Je me dis que peut-être l'insouciance, c'est quelque chose qu'on a jusqu'à un certain âge, et que lorsqu'on la perd, on ne la retrouve plus jamais.
Le bonheur était là, simplement, dans la monotonie de notre vie, dans sa douce quiétude, dans cette vie que toi, mon père, avais construite, et qui convenait si bien à mon enfance.
Les pères savent que les paysages sont encore plus beaux quand on les regarde avec ceux qu'on aime.
Nous ne parlons jamais de nous. Jamais. Les timides ne savent pas parler d’eux-mêmes. Ils ne peuvent pas. Ils parlent de la pluie et du beau temps. Ils laissent l’autre s’exposer, être dans la lumière. Un timide ne brille jamais plus que dans l’ombre.
Mon père n'était pas parfait. Il l'est devenu le jour où il a arrêté de parler, d'être froid, de toujours donner raison à ma mère, de me contredire. Ce jour où mon père est devenu invalide, je l'ai mis sur un piédestal. Mais ce sont toutes ses imperfections qui me manquent. .
Mon père ne m'avait jamais dit: "Je t'aime" et pourtant il existait, bien palpable, sous-jacent, cet amour entre nous. Comme un chat silencieux qui vient se frotter et dont on sent la caresse aller et venir sur la peau nue.

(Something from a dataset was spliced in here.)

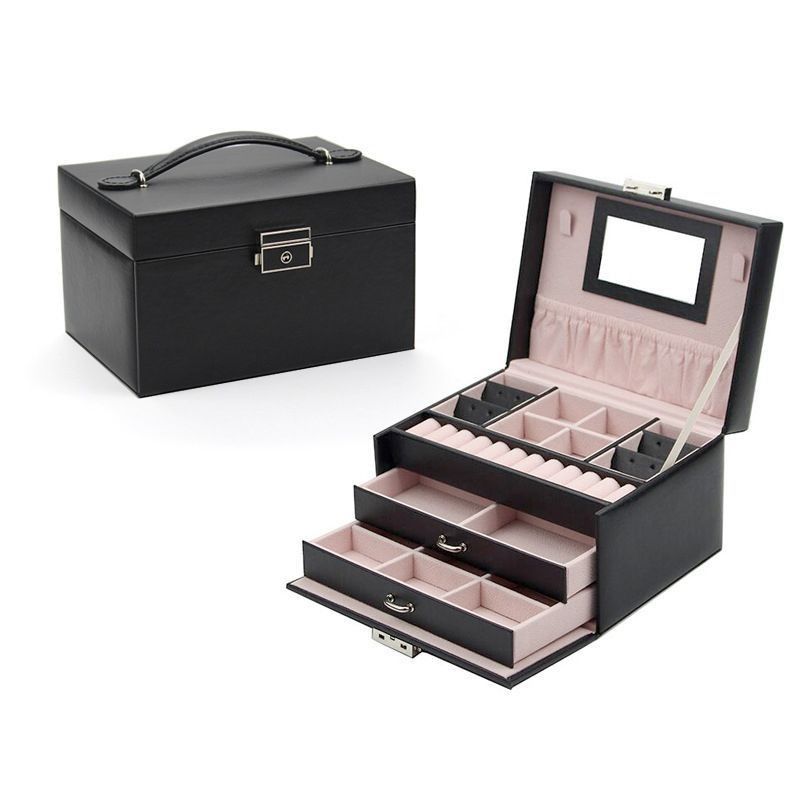 Boîte à cadeaux en cuir en polyester en forme de flanelle pour bague boucle d'oreille pendentif collier bracelet montre cigare parfum ensemble de bijoux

C’est ainsi que ma vie a commencé, dans les grandes mains de mon père, à refaire, jour après jour, le chemin des papillons.
Il y a quelque chose que j’aimerais dire à tous les bienheureux, tous ceux qui ont la chance d’avoir un père vaillant, un père qui peut prononcer leur nom, se lever, marcher avec eux, j’aimerais leur dire: "Fermez ce livre, ce plaisir solitaire du livre, vous avez toute la vie pour être seuls face à un livre, et sortez, descendez dans la rue, videz les artères des immeubles, répandez-vous sur les chemins en une hémorragie de fils et de filles, suivez le bruit de votre cœur qui bat et courez le retrouver."
Elle est seule dans les allées de la grande surface, ma mère. Les larges allées qui n'en finissent pas , avec tous les produits à l'infini. Ma mère est seule. Elle est deux inséparables séparés.